Laporan Wartawan Tribunnews.com Reza Gunadha
TRIBUNNEWS.COM, JAKARTA - Musikus cum aktivis buruh migran, Melanie Subono, mengungkapkan fakta baru terkait uang diyat (tebusan) untuk menyelamatkan tenaga kerja Indonesia (TKI) Satinah dari hukum pancung Arab Saudi.
Melanie kepada Tribunnews.com, Senin (24/3/2014), mengatakan Pemerintah RI sendiri lah yang menyebabkan uang diyat Sutinah membengkak menjadi Rp 21 miliar.

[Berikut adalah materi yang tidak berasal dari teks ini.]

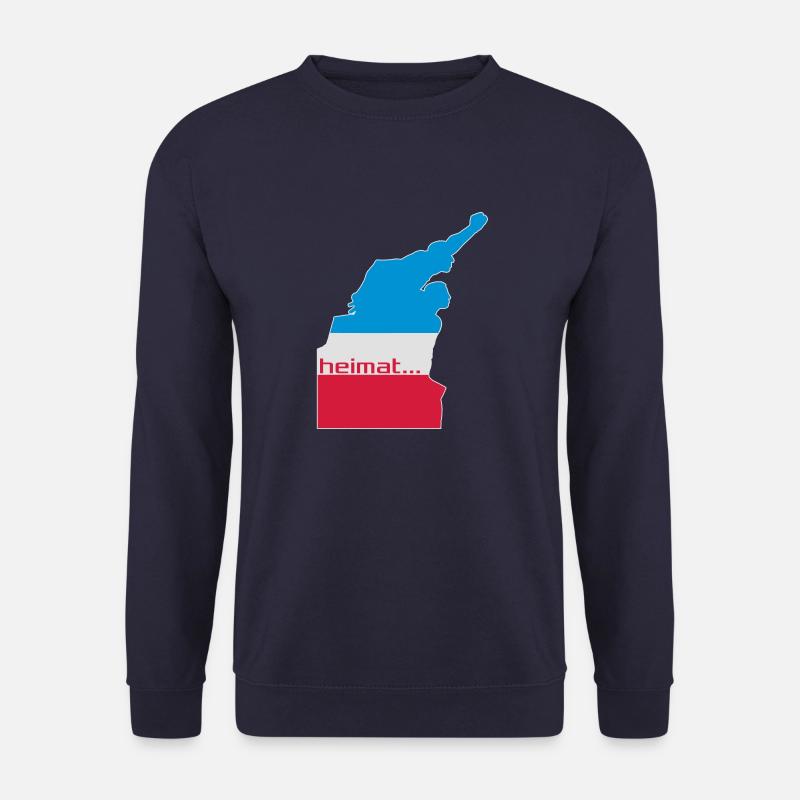 Rostock Heimat Matrosendenkmal - Unisex Pullover - Navy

"Tahun 2011, saat divonis bersalah, uang diyat yang diminta keluarga majikan Satinah hanya Rp 1,5 miliar. Tapi pemerintah RI tidak menanggapinya. Apalah artinya uang senilai itu, dibandingkan Rp 83 triliun yang disumbang TKI setiap tahun," kata Melanie Subono.
Ia mengungkapkan, ketika masih dalam proses persidangan, tidak ada satu pun perwakilan pemerintah RI yang mau mendampingi Satinah.

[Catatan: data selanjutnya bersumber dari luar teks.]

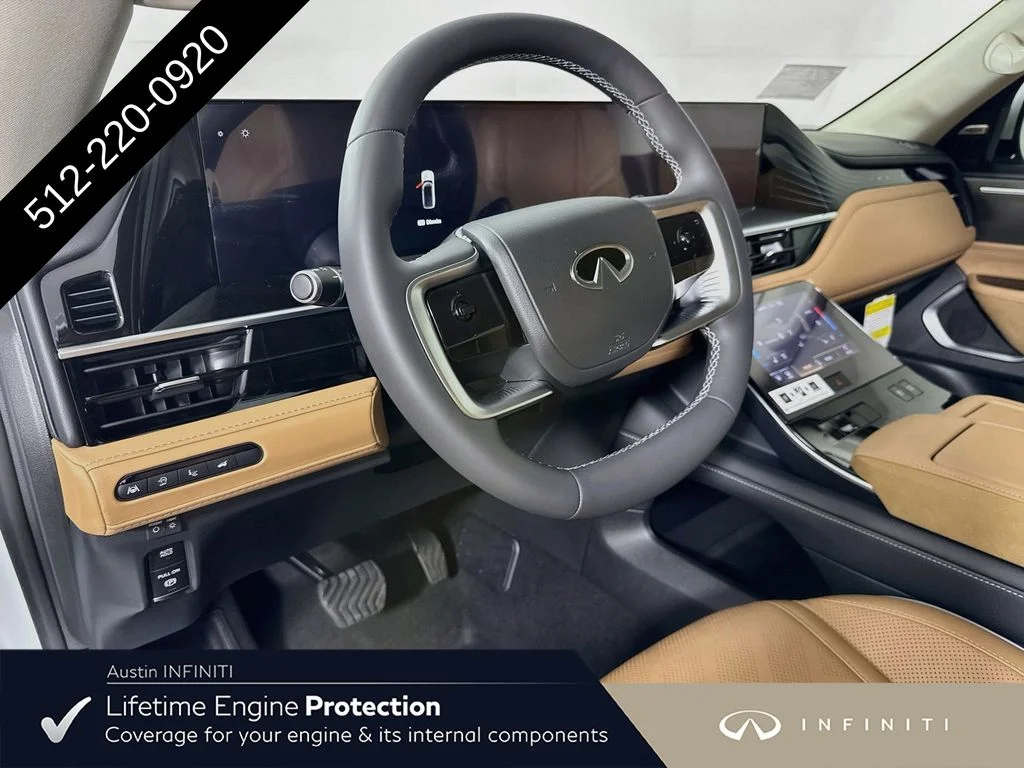 New 2027 White INFINITI LUXE image 10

"Selama persidangan, Satinah hanya didampingi oleh aktivis Migrant Care. Setelah keluar putusan, sekitar tahun 2012 pemerintah baru ikut mendampingi. Tapi, tetap saja tidak mau membayar Rp 1,5 miliar, malah beli pesawat kepresidenan," ketusnya.

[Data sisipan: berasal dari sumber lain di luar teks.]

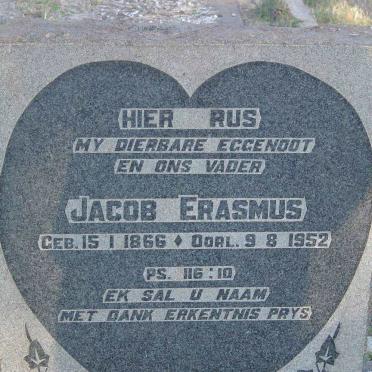 ERASMUS Jacob 1866-1952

Melanie menuturkan, setelah besaran uang diyat itu membengkak, pemerintah mengirimkan Kepala Satgas Penanganan WNI Maftuh Basyuni untuk negosiasi dengan otoritas Arab Saudi maupun keluarga majikan Satinah.
"Saya tau karena saya yang mendampingi Satinah. Uang diyatnya membengkak jadi Rp 45 miliar. Sekarang turun jadi Rp 21 miliar," tuturnya.
Untuk diketahui, Satinah merupakanTKI asal Ungaran Tengah, Jawa Tengah, yang terancam dipancung di Arab Saudi pada 3 April 2014. Itu kalau pemerintah tidak bisa membayar uang diyat (tebusan) sebesar Rp 21 miliar.
Termutakhir, Pemerintah Indonesia mengaku hanya memiliki uang Rp 18 miliar untuk membayar uang diyat. Karenanya, masih kekurangan Rp 3 miliar untuk membebaskan Satinah dari hukuman pancung.
"Logikanya, kalau bisa beli pesawat, kenapa nebus nyawa satu warganya saja tidak bisa," tandasnya.